Amazon Satellite Internet to Launch into Orbit via SpaceX’s Rivals

Amazon on Tuesday announced a commercial launch deal — the largest in history — to deploy the majority of the low Earth orbit (LEO) satellites for its “Project Kuiper” satellite broadband service into orbit (via ArsTechnica).

The deal covers 83 rocket launches over the next five years from the three largest commercial launch providers in the West, except SpaceX, which directly competes with Amazon in satellite internet with Starlink.

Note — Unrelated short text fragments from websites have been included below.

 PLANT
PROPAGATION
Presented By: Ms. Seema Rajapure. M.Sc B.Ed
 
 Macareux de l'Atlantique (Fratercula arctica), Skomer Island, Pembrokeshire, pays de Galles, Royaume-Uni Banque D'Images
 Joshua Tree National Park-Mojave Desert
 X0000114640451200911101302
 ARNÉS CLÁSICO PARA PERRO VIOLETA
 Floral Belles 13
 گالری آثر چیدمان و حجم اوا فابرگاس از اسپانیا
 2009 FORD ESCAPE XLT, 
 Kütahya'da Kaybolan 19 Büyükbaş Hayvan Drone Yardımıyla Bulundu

Here’s a breakdown of the launch agreements Amazon announced:

  • Arianespace: 18 launches of Europe’s new Ariane 6 rocket
  • Blue Origin: 12 launches of the company’s New Glenn rocket, with options for 15 additional launches
  • United Launch Alliance: 38 launches of the company’s Vulcan rocket

Additionally, Amazon previously announced its acquisition of United Launch Alliance’s final nine Atlas V rocket launches before that vehicle is retired.

With the deal finalized, Amazon has essentially snatched up any medium- and heavy-lift launch capacity over the next five years that wasn’t already spoken for. The launches will flesh out the company’s planned constellation of 3,236 satellites for Project Kuiper.

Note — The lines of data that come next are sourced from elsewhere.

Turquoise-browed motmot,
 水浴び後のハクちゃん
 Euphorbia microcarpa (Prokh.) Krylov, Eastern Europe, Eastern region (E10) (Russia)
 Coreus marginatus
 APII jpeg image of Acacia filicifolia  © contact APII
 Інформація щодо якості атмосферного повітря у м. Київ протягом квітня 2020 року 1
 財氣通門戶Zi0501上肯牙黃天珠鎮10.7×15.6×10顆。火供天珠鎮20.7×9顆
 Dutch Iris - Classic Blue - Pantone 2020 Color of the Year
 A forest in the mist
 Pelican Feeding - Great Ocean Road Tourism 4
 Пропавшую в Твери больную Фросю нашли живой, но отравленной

“We still have lots of work ahead, but the team has continued to hit milestone after milestone across every aspect of our satellite system,” Dave Limp, Amazon’s Senior Vice President for Devices & Services, said in a news release.

“These launch agreements reflect our incredible commitment and belief in Project Kuiper, and we’re proud to be working with such an impressive lineup of partners to deliver on our mission.”

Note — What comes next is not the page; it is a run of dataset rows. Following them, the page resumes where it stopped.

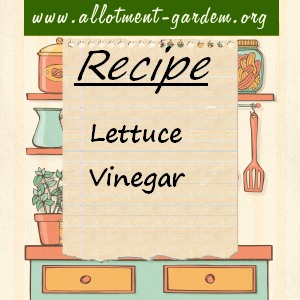 lettuce vinegar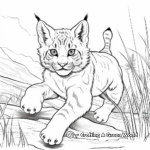Action-Packed Bobcat Lynx Coloring Pages 1
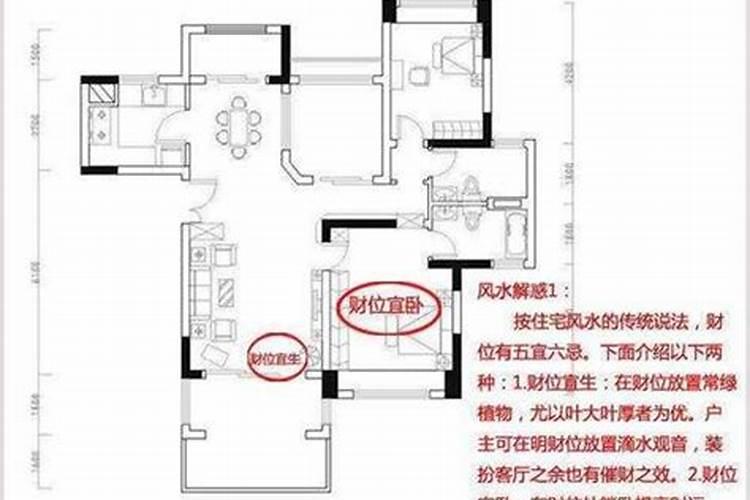 办公室财位的位置以及旺财的方法办公室财位怎么找？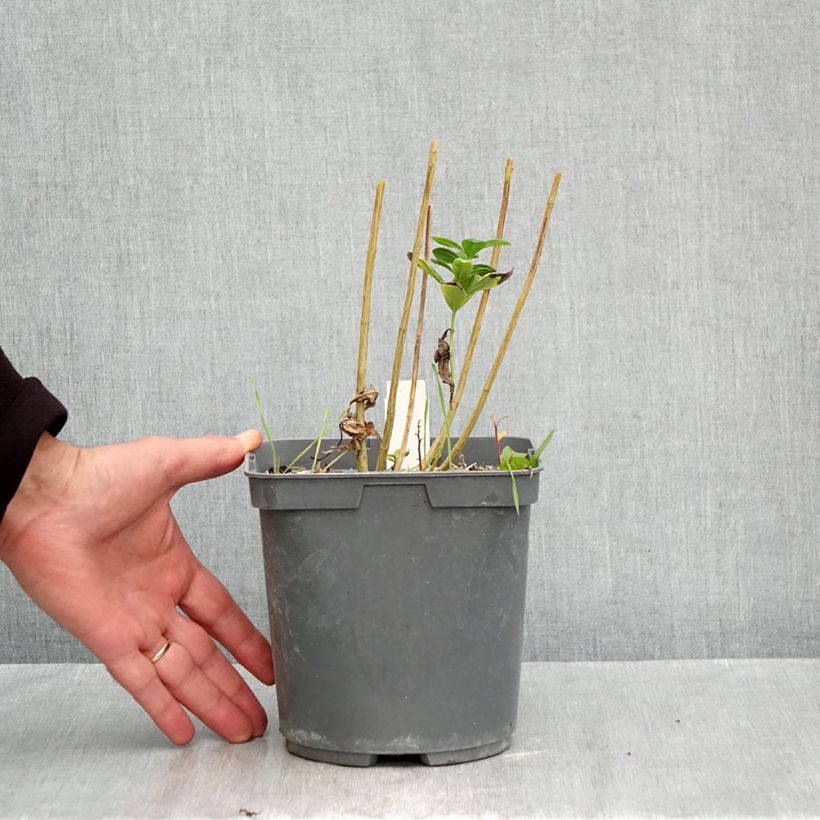 Spécimen de Phlox paniculata Younique Bicolor Pot de 2L/3L tel que livré en automne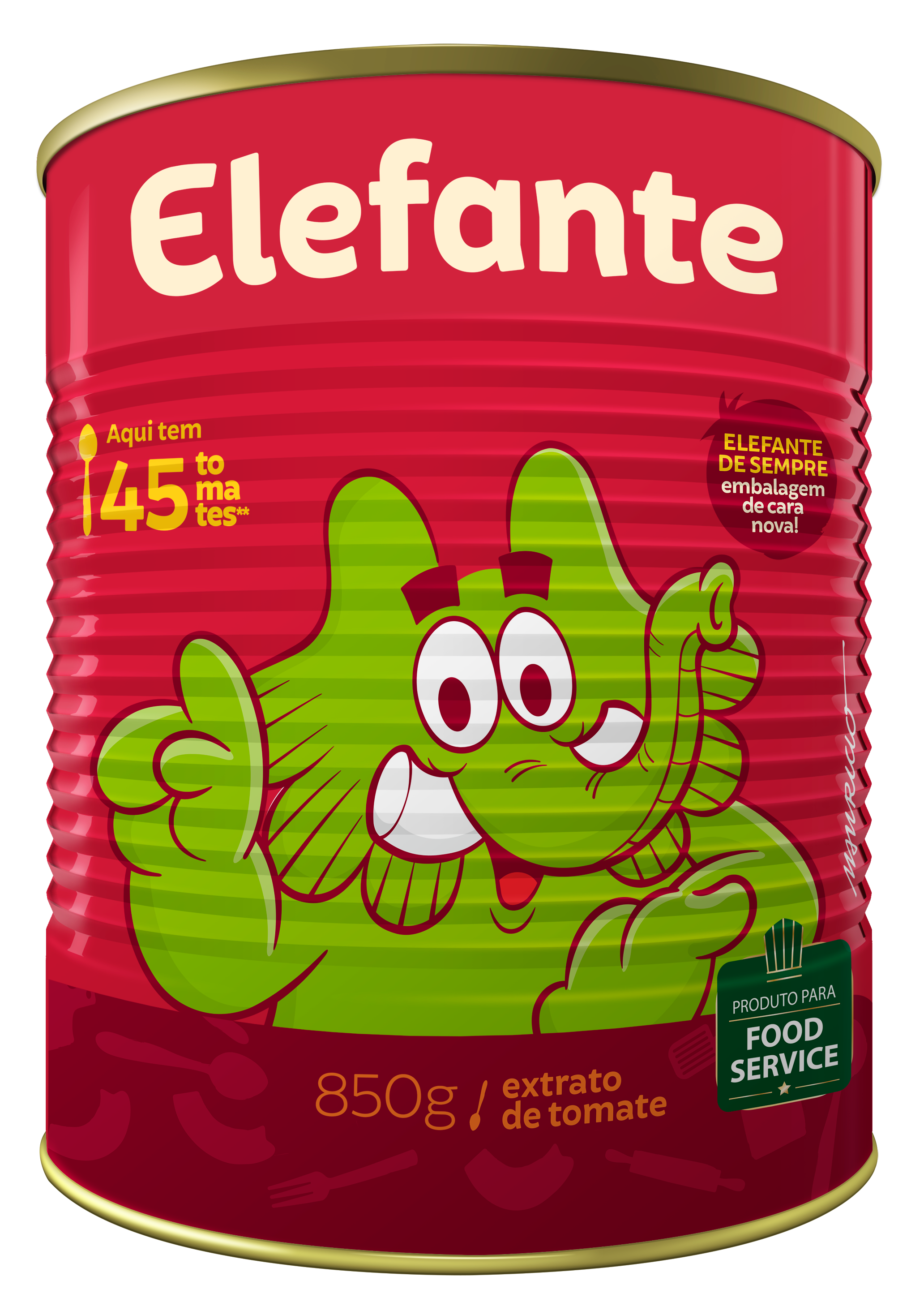 EXTRATO DE TOM. ELEFANTE 850GR LT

Amazon is about four years behind SpaceX in deploying its satellite constellation. SpaceX currently has well over 1,500 Starlink satellites in orbit, and the service has surpassed 250,000 user terminals across the globe as of February.

What’s more, all three of the launch providers Amazon has contracted — including Blue Origin, which is owned by Amazon founder Jeff Bezos — lag behind SpaceX in rocket technology.

Both the Ariane 6 and Vulcan rockets are likely about 12 months from making their debut flights, while Blue Origin’s New Glenn is probably at least two years from its first flight.

SpaceX, on the other hand, has its own reusable rocket, the Falcon 9. At this time, no one in the space industry can compete with SpaceX on price or launch frequency. SpaceX CEO Elon Musk has said the company is targeting a whopping 60 Falcon 9 launches this year, and it expects to have over 4,200 Starlink satellites in operation within 18 months.

Amazon’s commercial launch contracts for its Project Kuiper satellites are worth an estimated $10 billion at least. The company plans to launch two prototype satellites in the fourth quarter of 2022.

Amazon has not said when the deployment of its operational constellation will begin, but a spokesperson for the company said that a timeline will be shared after the demonstration mission later this year.